During the last curriculum review process (1998-2001) the working assumption was that the UWSOM curriculum was well designed and well-functioning; the charge was to look for opportunities to enhance the curriculum and innovate with regard to curricular content and administration without changing the basic structure.
Now it is time for change. There are many areas of the curriculum where significant changes should be considered for content, delivery and basic structure. Overall, the next curriculum reform process should consider the many changes that have occurred in the healthcare environment, learning settings and methods, and technologies. These include:
- The explosion in medical and scientific content-representing far more content than can be taught;
- The explosion in information technology, with associated changes in learning technologies, healthcare technologies, advancing sophistication of patient knowledge and understanding, and the need and ability to focus on evidence-based medicine;
- Generational characteristics of students and variations in student learning styles;
- Advances in learning theory and a strong movement nationally toward active learning;
- Changes in the roles of physicians, particularly in a rapidly evolving healthcare system, including heightened focus on use of non-physician health professionals, team-based care, and patient safety.
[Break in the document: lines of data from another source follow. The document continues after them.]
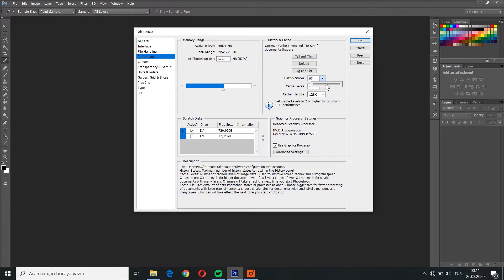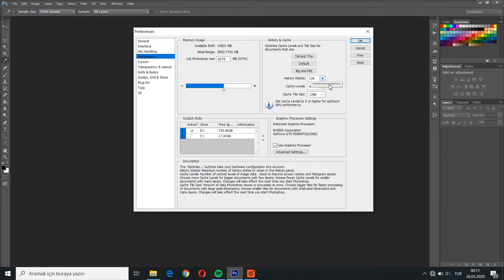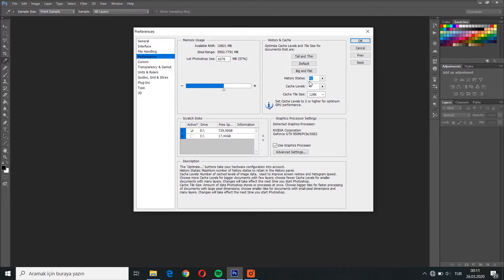but keep in mind that the more steps you have, the more your computer will be forced. So that's why I recommend 30 or something like that would be a moderate option. So let's go with 30.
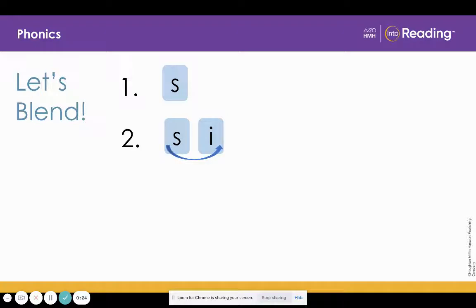Now look at line two. What letter did we add? I. What sound does I stand for? I. That's right. Now listen as I blend the sounds. Ssss. Now you blend them. Ssss.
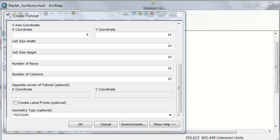Welcome back to GIS Analysis at the University of Alaska, Fairbanks. In this session, we're going to work with rasters that represent elevation surfaces or depth surfaces. The center of every pixel will have an elevation value or a depth value.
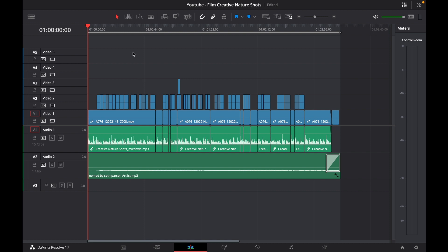We already have our video edit completed and we're ready to send to final delivery, but before we do that we want to create some markers. To begin with the first section where we want to create our first chapter, we're going to go to that section.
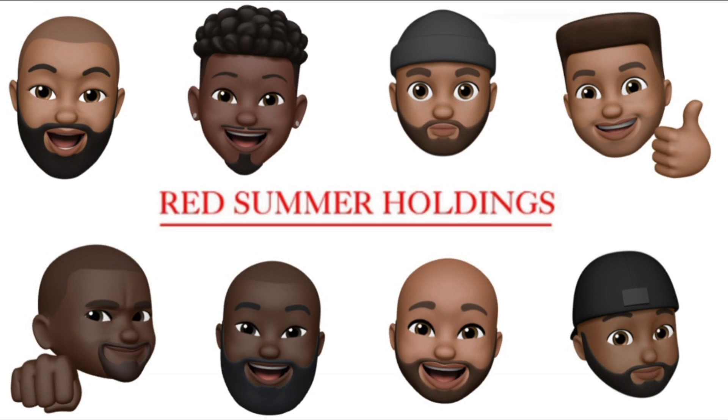Hello everyone, welcome to Red Summer Holdings, a real estate partnership comprising of eight owners: Tochi, myself, Zoe, Ramad, Charles, Ikechi, Chima, Innocent, and Ike.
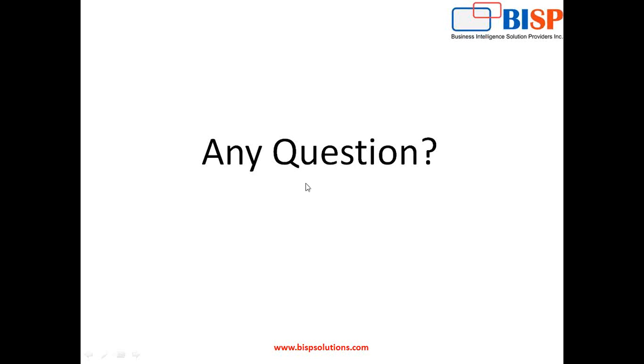If you have some queries or comments you can post your comments. For more updates on QlikSense or Qlik products you can subscribe our YouTube channel or visit our website www.bispsolutions.com for consulting services on QlikSense and QlikView as well as for training support. That's all, thanks for watching, have a nice day, goodbye.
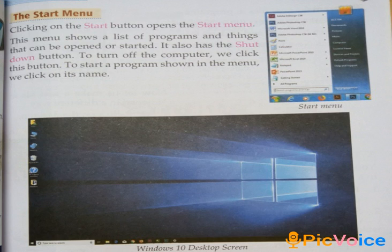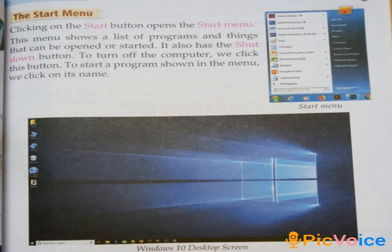First of all, I shall read out the chapter and you follow. The start menu. Clicking on the start button opens the start menu. This menu shows a list of programs and things that can be opened or started. It also has the shutdown button. To turn off the computer, we click this button. To start a program shown in the menu, we click on its name.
These factors characterize the constantly and rapidly evolving nature of information and technology. They point to the need for an ongoing, dynamic, continuous improvement strategic educational process that matches the dynamic, ongoing nature of change. Such an approach could combine ongoing smaller "pilot" changes as well as consideration of large-scale changes. To be successful, the ongoing process will be optimized by development of an appropriate governance structure and initiation of a core "visioning" steering committee to evaluate, innovate, reflect, monitor and ensure ongoing attention to continuous curriculum improvement. The primacy of patient-centered care and safety first and foremost, and learner-centered education must be foundational to all considerations and results.